# [THE PROBLEM]
An exact transcription of the lines from the one holding "唯***尔透闪石质玉未镶嵌手链" to the end of the entries below, and nothing more, is the required answer. Please omit the pictures.

# [LISTED ENTRIES]
--- --- ---
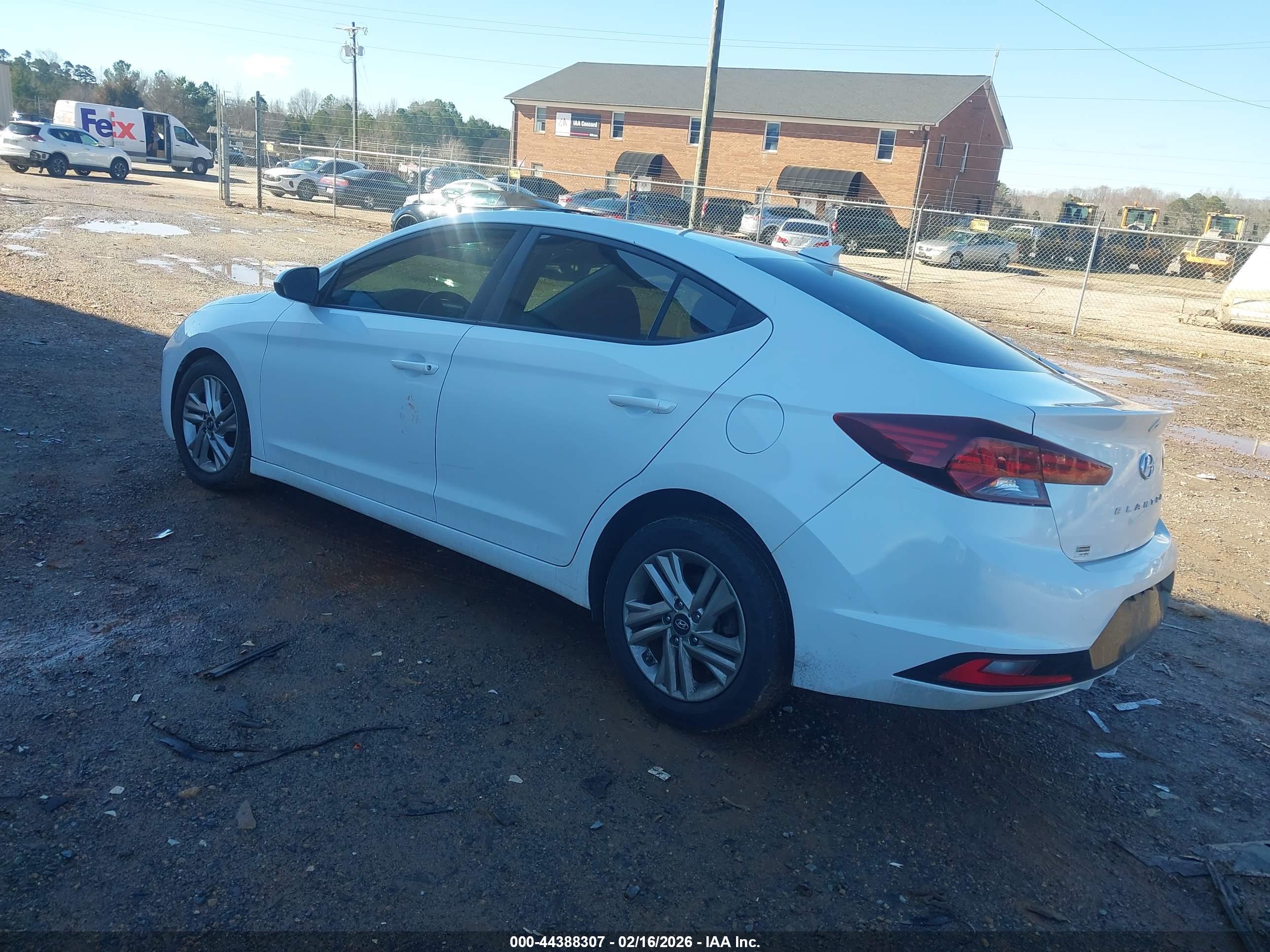 HYUNDAI ELANTRA image 3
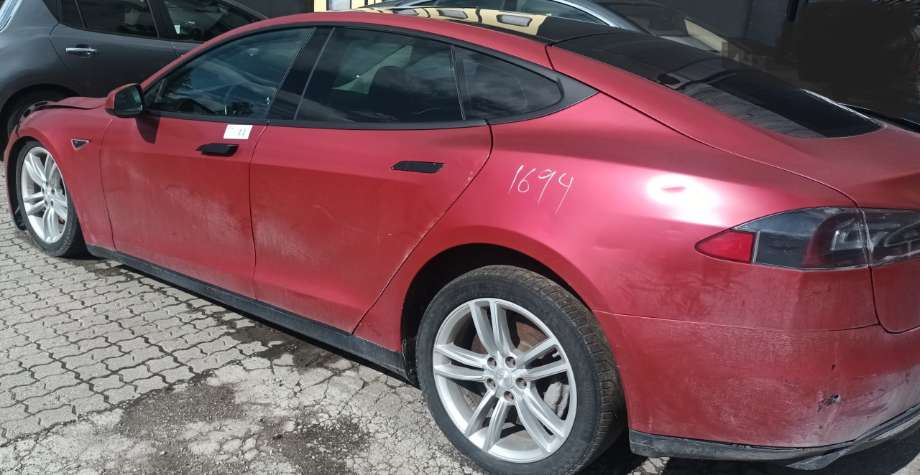 Tesla Model S 2013-2016 (Fase 1) delebil , Motorkode: L1S, Girkassekode: 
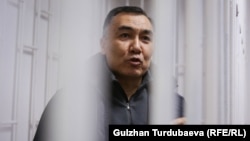 Равшан Жээнбеков.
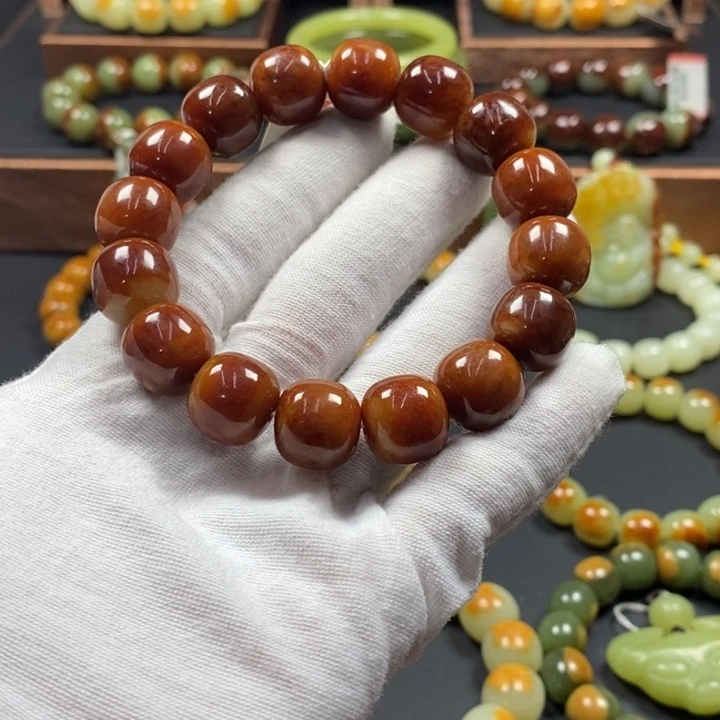 唯***尔透闪石质玉未镶嵌手链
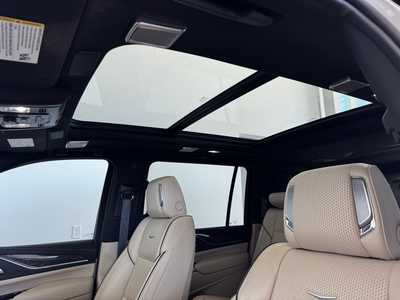 2022 Cadillac Escalade ESV, $60985. Photo 4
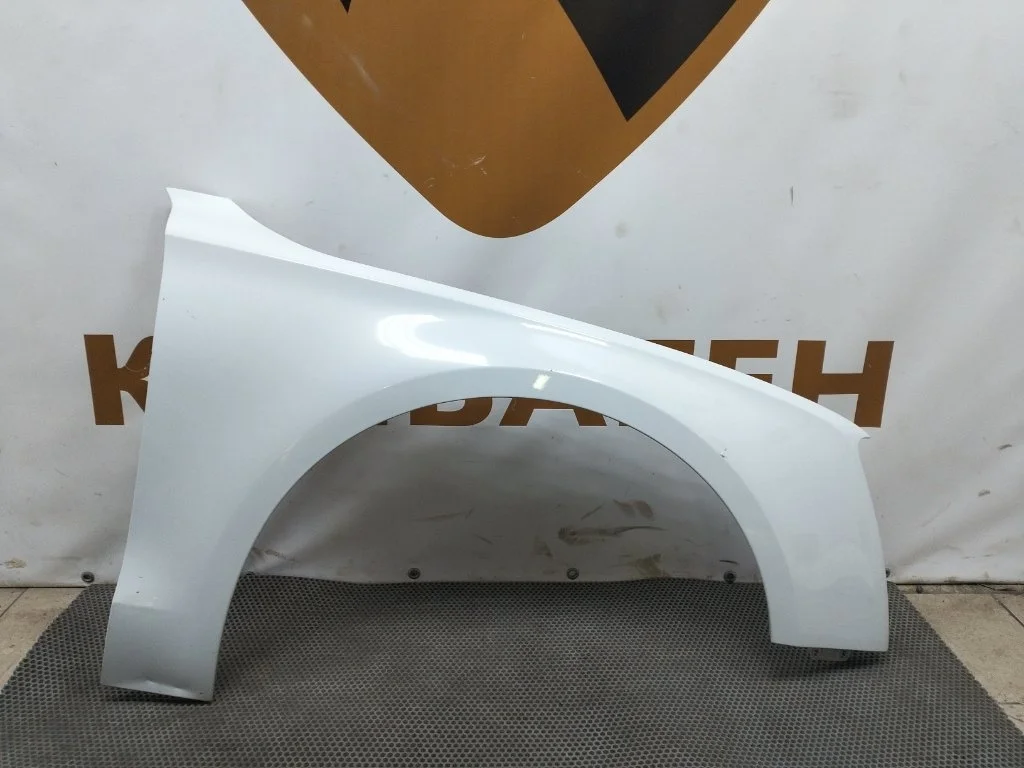 Крыло Audi A8 2016 D4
--- --- ---
# [EXPECTED OUTPUT]
 唯***尔透闪石质玉未镶嵌手链
 2022 Cadillac Escalade ESV, $60985. Photo 4
 Крыло Audi A8 2016 D4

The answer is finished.